Loadmaster paving the way

When Corporal Antonia Guterres first entered her unit, there were no other females working there in her trade, but she was not afraid of standing out.

CAPTION: Air Force loadmaster Corporal Antonia Guterres stands on the tarmac in Palau by the C-27J Spartan aircraft she worked on during Operation Solania. Story by Flying Officer Lily Lancaster. Photo by Leading Seaman Nadav Harel.

Corporal Guterres is no stranger to working in a male-dominated environment.

Seeking aviation experience while applying for Air Force, she found herself as the only woman on Qantas ground staff at Brisbane International Airport.

The high achiever was also the first state manager for a new global fitness-wear company, training a predominately male workforce on fitness technology.

After studying at John Paul College and achieving success in the business world, the Brisbane local decided to make a change and become an Air Force loadmaster. She now supports Defence activities and operations across the globe.

“I wanted to do something that’s bigger than myself,” Corporal Guterres said.
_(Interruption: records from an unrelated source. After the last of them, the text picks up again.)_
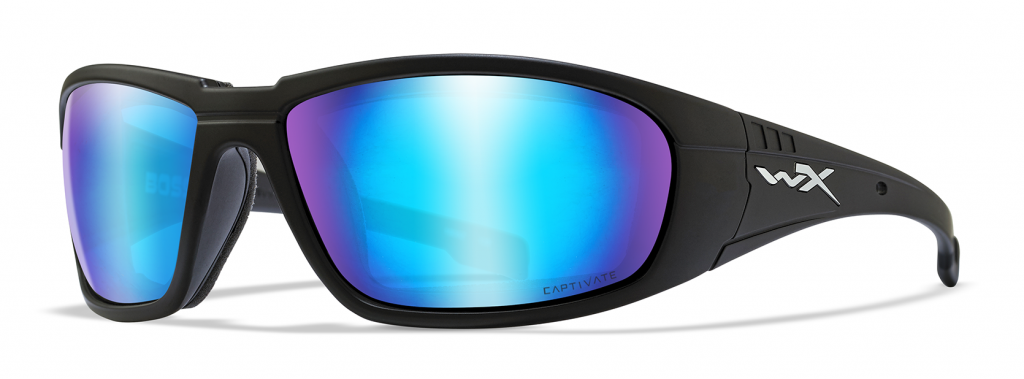 Wiley x Boss sunglasses in black with blue mirror lenses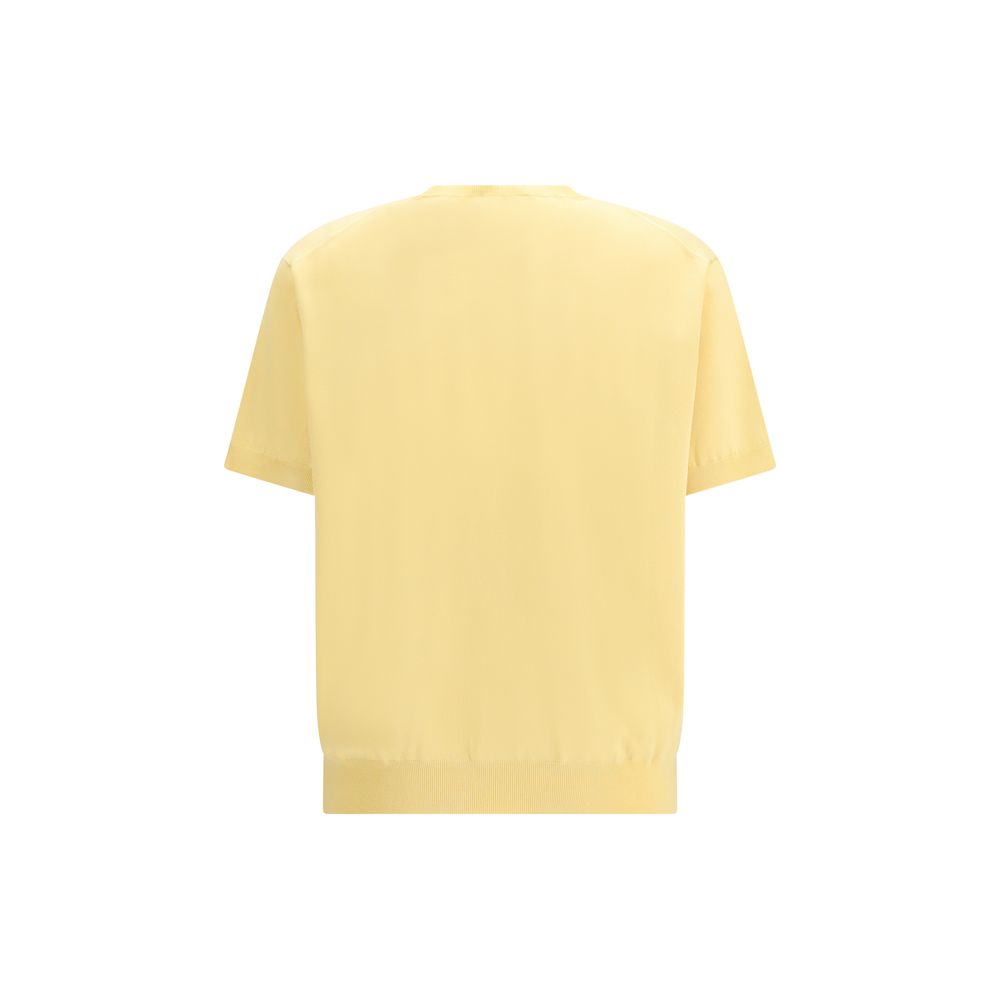 Prada Logo Limoncello Yellow Short Sleeve Knit Top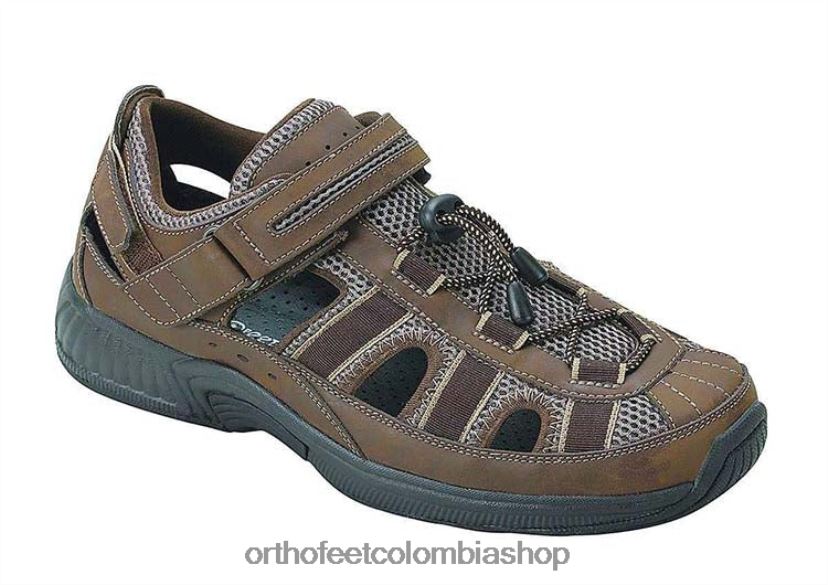 marrón Orthofeet R48066125 hombres correa de talón de agua clara sandalias - Image 1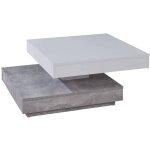 Table basse carre double plateau pivotant 70x35 cm gris et blanc mat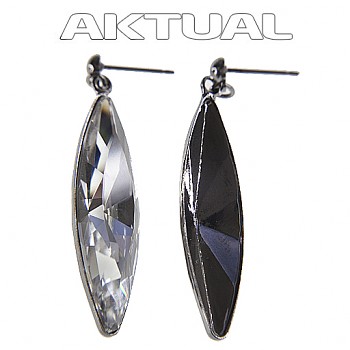 Náušnice PU NAVETTE 35mm Rhodium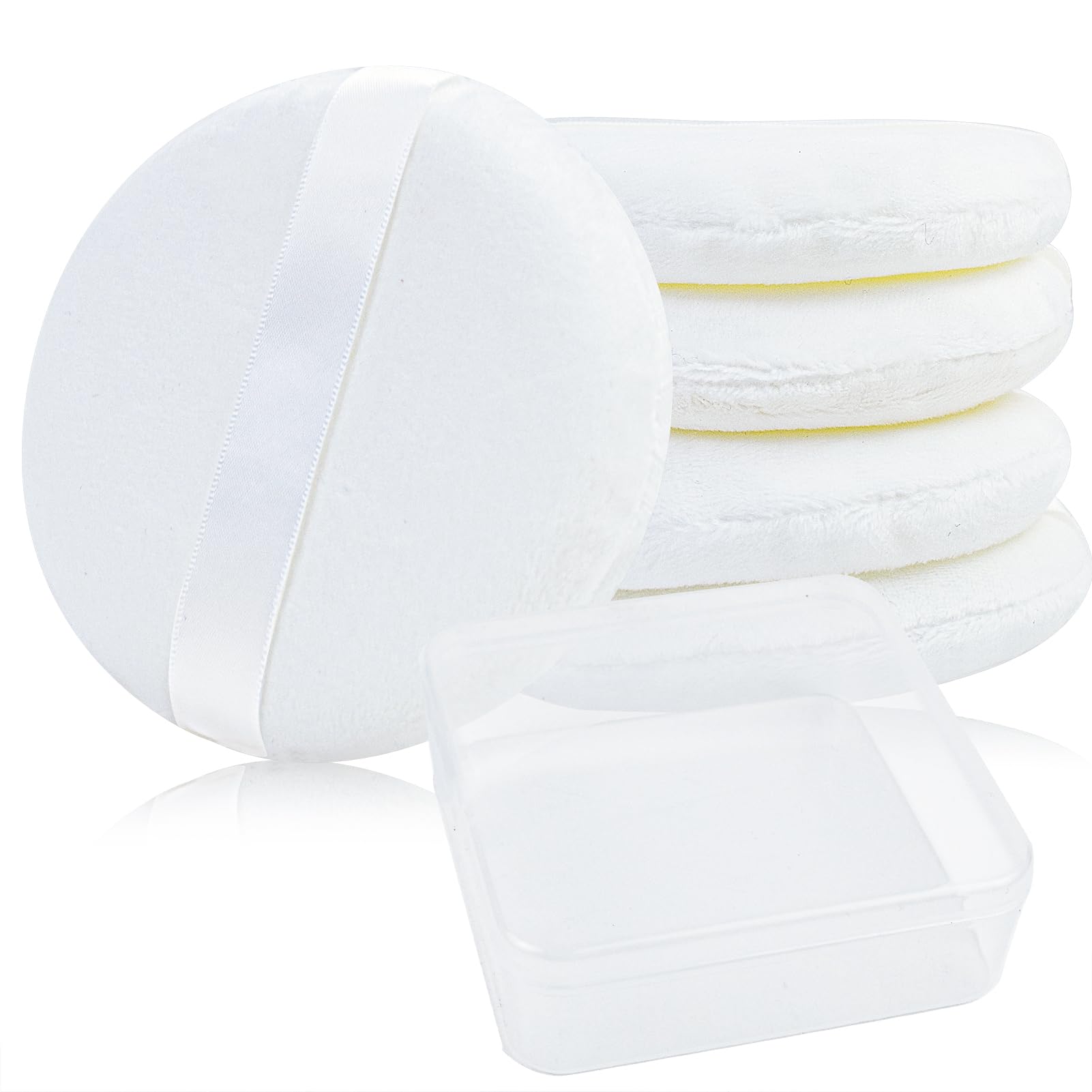 5 Pcs Large Powder Puff, 4.13 Inch Velour Body Powder Puff Round Fluffy Powder Puffs Ultra Soft Body Puff Washable For Loose Bod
“The idea that I could help people in need as my job – I couldn’t let that opportunity pass by.”

Walking into the squadron that first day, Corporal Guterres did not know what to expect.

“I was more excited than anything, but I knew there would be some challenges I was unaware of. I relied on the knowledge I was really prepared for the role,” she said.

Corporal Guterres took out the Airmanship Award at No. 1 Recruit Training Unit and soon after, as a new member of No. 35 Squadron, she found herself on Operation Bushfire Assist carrying rock wallabies and koalas out of danger as they headed towards their new homes.

“That month on Bushfire Assist was the most challenging and the best thing I’ve ever done. That’s what I signed up to do,” Corporal Guterres said.

“We were evacuating people out of Mallacoota. Escorting men, women and kids, walking onto the aircraft with only a bag to their name. It was devastating.”

In contrast, one of the brightest moments of Corporal Guterres’ career was re-uniting with her family in Vanuatu during an iteration of Operation Solania.

“We were in the country providing aerial maritime surveillance and every day we flew over my aunt and uncle’s house. Every day I would look out the window to see them waving up at us,” Corporal Guterres said.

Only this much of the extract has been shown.